Water and Cu + Synergy in Selective CO 2 Hydrogenation to Methanol over Cu-MgO-Al 2 O 3 Catalysts.

The CO 2 hydrogenation reaction to produce methanol holds great significance as it contributes to achieving a CO 2 -neutral economy. Previous research identified isolated Cu + species doping the oxide surface of a Cu-MgO-Al 2 O 3 -mixed oxide derived from a hydrotalcite precursor as the active site in CO 2 hydrogenation, stabilizing monodentate formate species as a crucial intermediate in methanol synthesis.
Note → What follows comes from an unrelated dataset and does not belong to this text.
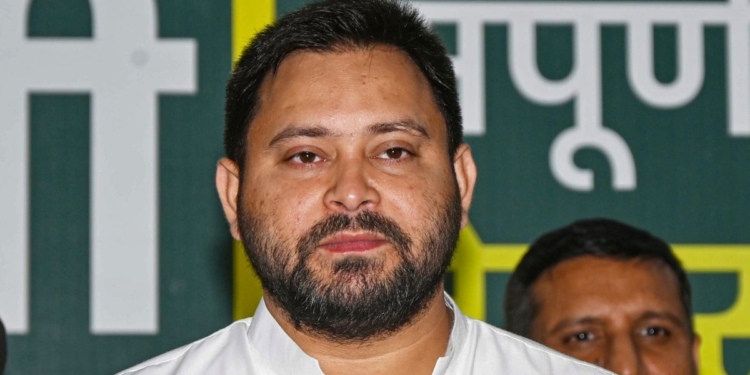 5 साल में कितना बदल गया तेजस्वी का घोषणा पत्र? महागठबंधन में कांग्रेस के एजेंडे को कितनी जगह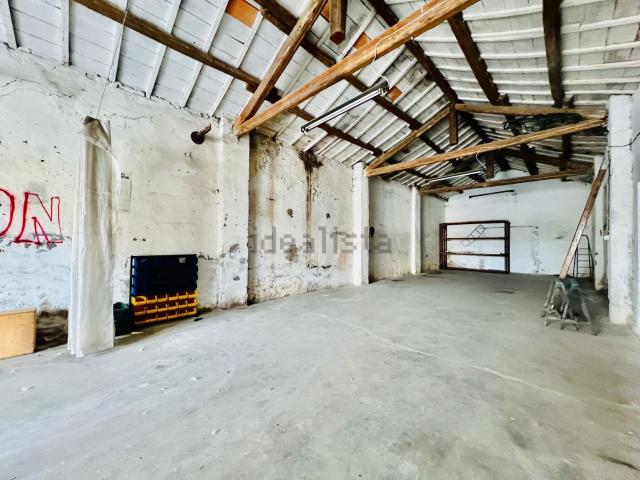Capannone in affitto di 150 m² in Via Pianelle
In this work, we present a molecular-level understanding of how surface water and hydroxyl groups play a crucial role in facilitating spontaneous CO 2 activation at Cu + sites and the formation of monodentate formate species. Computational evidence has been experimentally validated by comparing the catalytic performance of the Cu-MgO-Al 2 O 3 catalyst with hydroxyl groups against that of its hydrophobic counterpart, where hydroxyl groups are blocked using an esterification method. Our work highlights the synergistic effect between doped Cu + ions and adjacent hydroxyl groups, both of which serve as key parameters in regulating methanol production via CO 2 hydrogenation. By elucidating the specific roles of these components, we contribute to advancing our understanding of the underlying mechanisms and provide valuable insights for optimizing methanol synthesis processes.